=== Section Start ===

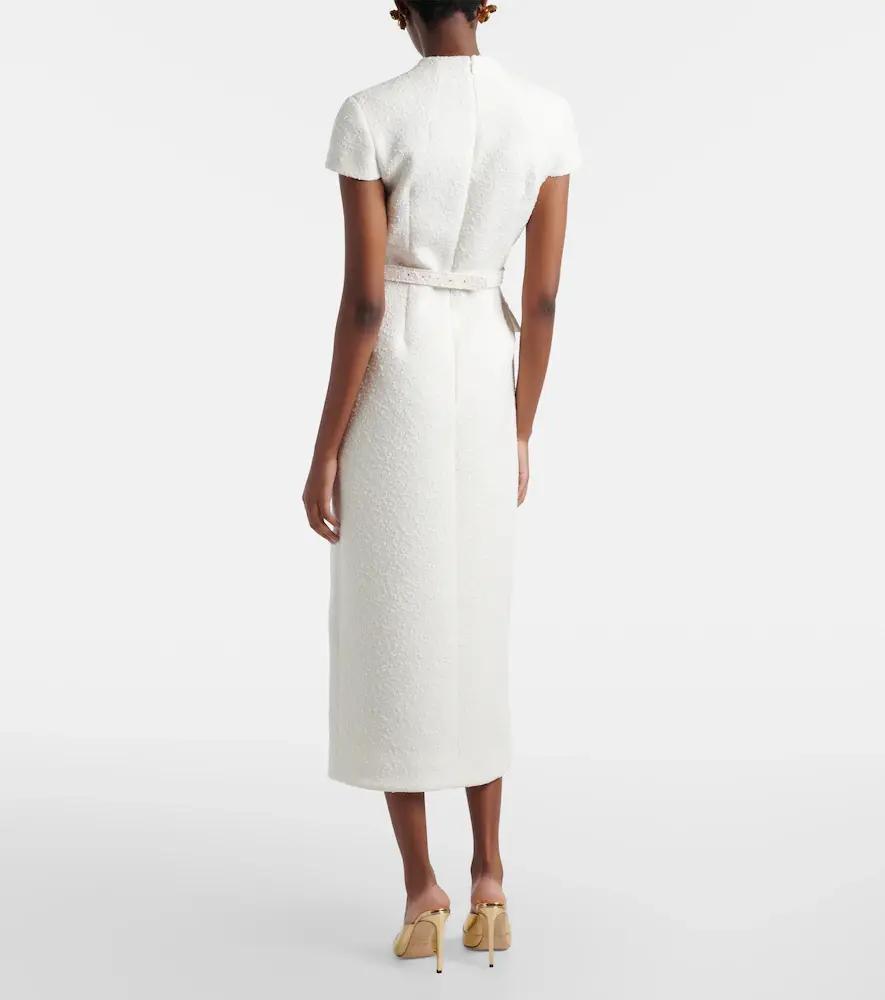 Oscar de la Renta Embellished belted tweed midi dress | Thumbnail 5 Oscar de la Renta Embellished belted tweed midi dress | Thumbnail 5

=== Section End ===
=== Section Start ===

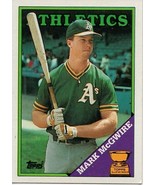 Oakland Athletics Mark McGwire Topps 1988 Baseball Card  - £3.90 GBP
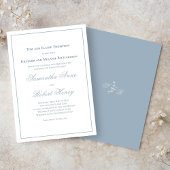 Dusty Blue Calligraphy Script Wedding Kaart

=== Section End ===

> [YOUR GOAL] The expected output is the lines above from the one containing "Oakland Athletics Mark" to the one containing "Dusty Blue Calligraphy Script Wedding Kaart", both ends included, reproduced exactly with every picture left out.

> [PROBLEM SOLUTION]
 Oakland Athletics Mark McGwire Topps 1988 Baseball Card  - £3.90 GBP
 Dusty Blue Calligraphy Script Wedding Kaart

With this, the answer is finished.